Dossier : IMM-1499-21

Référence : 2022 CF 1294

[TRADUCTION FRANÇAISE]

Ottawa (Ontario), le 14 septembre 2022

En présence de madame la juge Sadrehashemi

ENTRE :

MOH’D TAREQ YAHIA MOUSA ABU AL HOMMOS

REEMAN MOHAMMAD ABDEL RAHMAN AHMAD

SAIF MOHD TAREQ YAHIA ABU AL HOMMOS

FARES MOHAMMED YAHYA ABU ALHOMMOS

JENA MOH’D TARIQ YAHIA ABUALHOMMOS

JAWAD MOHD TARE ABU AL HOMMOS

demandeurs

et

LE MINISTRE DE LA CITOYENNETÉ ET DE L’IMMIGRATION

défendeur

JUGEMENT ET MOTIFS

I. Aperçu

[1] Les demandeurs forment une famille.

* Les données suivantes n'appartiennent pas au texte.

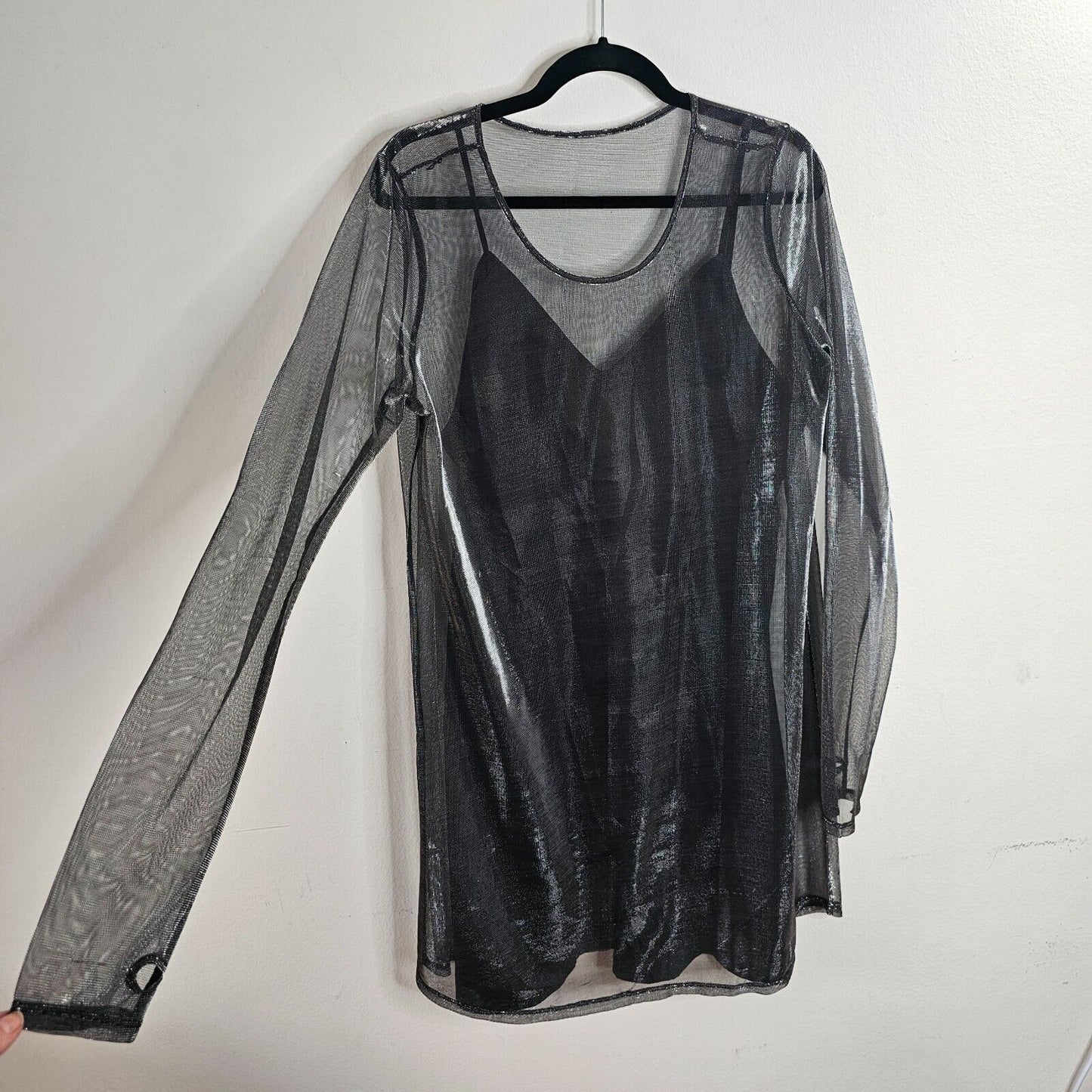 The Kooples Smokey Silver Metallic Sheer Round Neck Over Dress Black Slip Large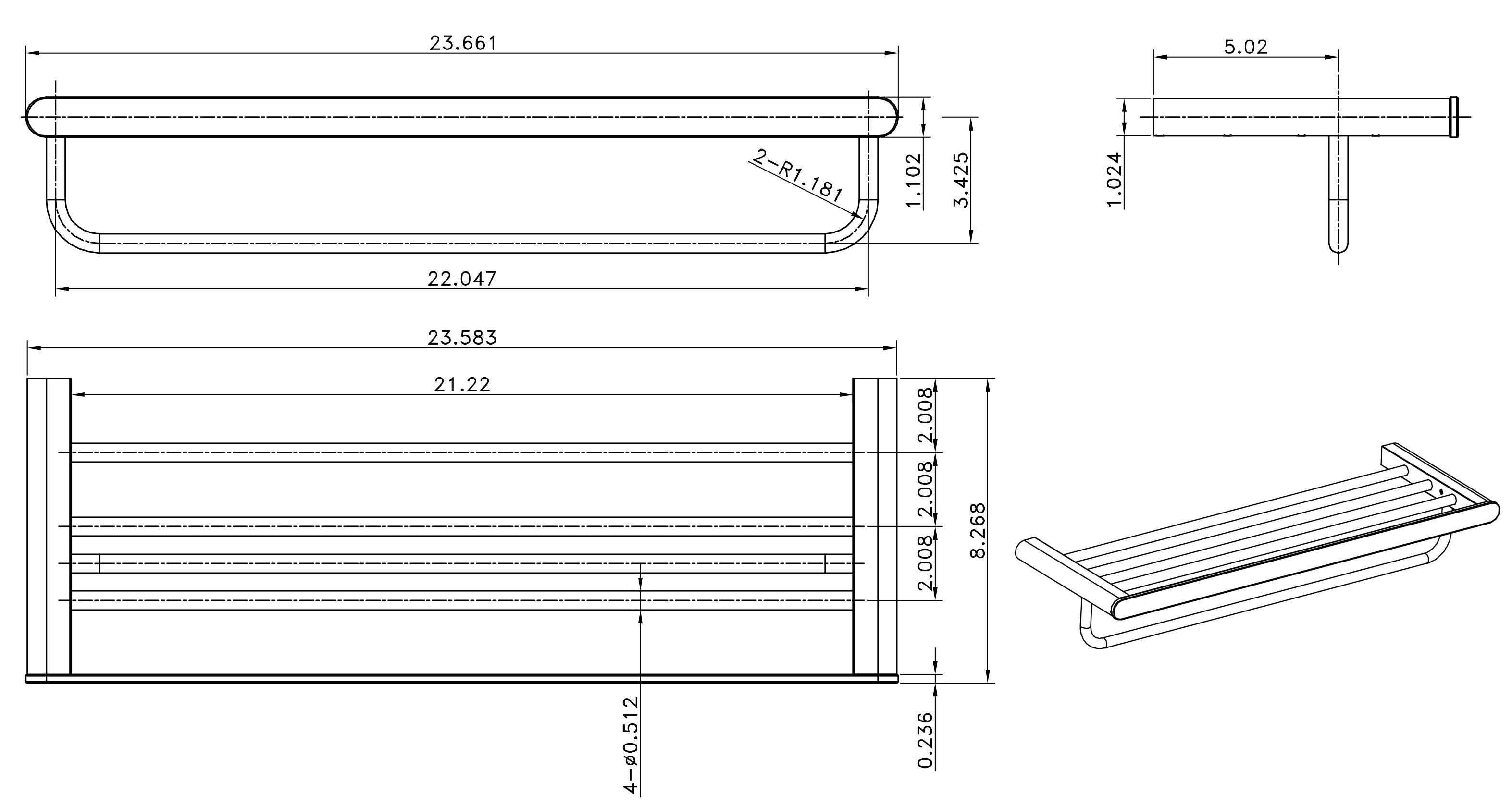 American Imaginations AI-34610 23.66-in. W Rectangle Stainless Steel Towel Bar Chrome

Moh’d Tareq Yahia Mousa Abu Al Hommos (le demandeur principal) est l’époux de Reeman Mohammad Abdel Rahman Ahmad. Ils sont les parents de cinq enfants mineurs, dont quatre ont qualité de demandeurs dans la présente demande. Les demandeurs ont présenté une demande d’asile au Canada fondée sur leur crainte que leurs vies étaient en péril en Jordanie, pays dont ils sont ressortissants, après qu’une querelle eut éclaté entre le demandeur principal et sa famille relativement à la vente de terres dont il avait hérité. La Section de la protection des réfugiés [la SPR] a rejeté leur demande d’asile. Puis, la Section d’appel des réfugiés [la SAR] les a déboutés de leur appel. Les demandeurs contestent ce rejet dans la présente demande de contrôle judiciaire.

[2] Les demandeurs ont fait valoir, devant la SAR et en l’instance, que leur droit à l’équité procédurale avait été bafoué durant l’audience devant la SPR du fait que la commissaire de la SPR a interrompu plusieurs fois leurs dépositions qui, de ce fait, en ont été écourtées. J’ai examiné la transcription de l’audience de la SPR et les motifs de la SAR et je n’ai décelé aucune violation de l’équité procédurale. Je ne vois aucune raison d’intervenir dans la décision de la SAR selon laquelle il n’y avait pas eu de violation de l’équité procédurale.

[3] Les demandeurs soutiennent également que les conclusions de la SAR en matière de crédibilité étaient chancelantes, surtout parce que son appréciation de la preuve manquait de sensibilité culturelle. Une grande partie des arguments présentés par les demandeurs sur ce point reposent sur des éléments de preuve exclus par la SAR — une décision que les demandeurs n’ont pas contesté dans le cadre du contrôle judiciaire. Ils ne m’ont pas convaincue que l’analyse de cette question par la SAR était déraisonnable.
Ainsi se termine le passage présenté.